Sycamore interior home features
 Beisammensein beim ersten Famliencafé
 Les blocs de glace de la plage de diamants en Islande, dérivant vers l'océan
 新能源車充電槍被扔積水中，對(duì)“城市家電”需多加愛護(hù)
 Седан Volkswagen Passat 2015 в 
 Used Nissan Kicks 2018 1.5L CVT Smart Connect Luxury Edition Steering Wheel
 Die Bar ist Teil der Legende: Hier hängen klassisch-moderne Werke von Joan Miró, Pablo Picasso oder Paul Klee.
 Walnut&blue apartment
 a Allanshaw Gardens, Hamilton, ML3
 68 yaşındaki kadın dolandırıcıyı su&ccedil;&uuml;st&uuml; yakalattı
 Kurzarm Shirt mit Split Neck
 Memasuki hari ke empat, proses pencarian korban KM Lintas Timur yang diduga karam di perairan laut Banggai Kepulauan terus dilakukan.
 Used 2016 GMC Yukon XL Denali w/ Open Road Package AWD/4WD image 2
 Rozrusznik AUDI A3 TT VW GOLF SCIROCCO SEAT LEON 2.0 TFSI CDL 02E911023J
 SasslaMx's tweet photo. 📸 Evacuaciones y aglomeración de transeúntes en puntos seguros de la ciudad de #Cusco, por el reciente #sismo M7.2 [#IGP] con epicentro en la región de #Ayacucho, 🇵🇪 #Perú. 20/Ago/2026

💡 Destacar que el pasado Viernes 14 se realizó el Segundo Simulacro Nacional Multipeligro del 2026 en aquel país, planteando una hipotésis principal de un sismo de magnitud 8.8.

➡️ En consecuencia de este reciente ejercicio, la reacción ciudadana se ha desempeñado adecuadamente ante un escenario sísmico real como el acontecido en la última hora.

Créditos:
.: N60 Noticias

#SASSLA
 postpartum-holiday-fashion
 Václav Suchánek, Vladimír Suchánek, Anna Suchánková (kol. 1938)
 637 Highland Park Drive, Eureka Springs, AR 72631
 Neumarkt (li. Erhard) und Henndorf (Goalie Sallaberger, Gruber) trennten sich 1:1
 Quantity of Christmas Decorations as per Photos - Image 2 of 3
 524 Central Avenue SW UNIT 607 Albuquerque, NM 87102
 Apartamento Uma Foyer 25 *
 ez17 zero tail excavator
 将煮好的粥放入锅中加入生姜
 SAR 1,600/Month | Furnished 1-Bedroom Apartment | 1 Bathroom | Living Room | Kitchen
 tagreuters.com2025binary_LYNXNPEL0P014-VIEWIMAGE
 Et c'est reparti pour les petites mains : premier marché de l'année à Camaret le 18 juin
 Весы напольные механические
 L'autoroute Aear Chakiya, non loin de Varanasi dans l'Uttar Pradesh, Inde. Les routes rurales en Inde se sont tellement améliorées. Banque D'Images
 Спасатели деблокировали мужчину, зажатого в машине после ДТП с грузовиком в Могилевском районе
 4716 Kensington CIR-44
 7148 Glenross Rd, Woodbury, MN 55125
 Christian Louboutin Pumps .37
::::::
Exercise description –
Everything from the line with "Used Nissan Kicks" through the line with "a Allanshaw Gardens, Hamilton, ML3" should be written out exactly as it appears above, end lines included, and nothing outside that range.

Response for this exercise –
 Used Nissan Kicks 2018 1.5L CVT Smart Connect Luxury Edition Steering Wheel
 Die Bar ist Teil der Legende: Hier hängen klassisch-moderne Werke von Joan Miró, Pablo Picasso oder Paul Klee.
 Walnut&blue apartment
 a Allanshaw Gardens, Hamilton, ML3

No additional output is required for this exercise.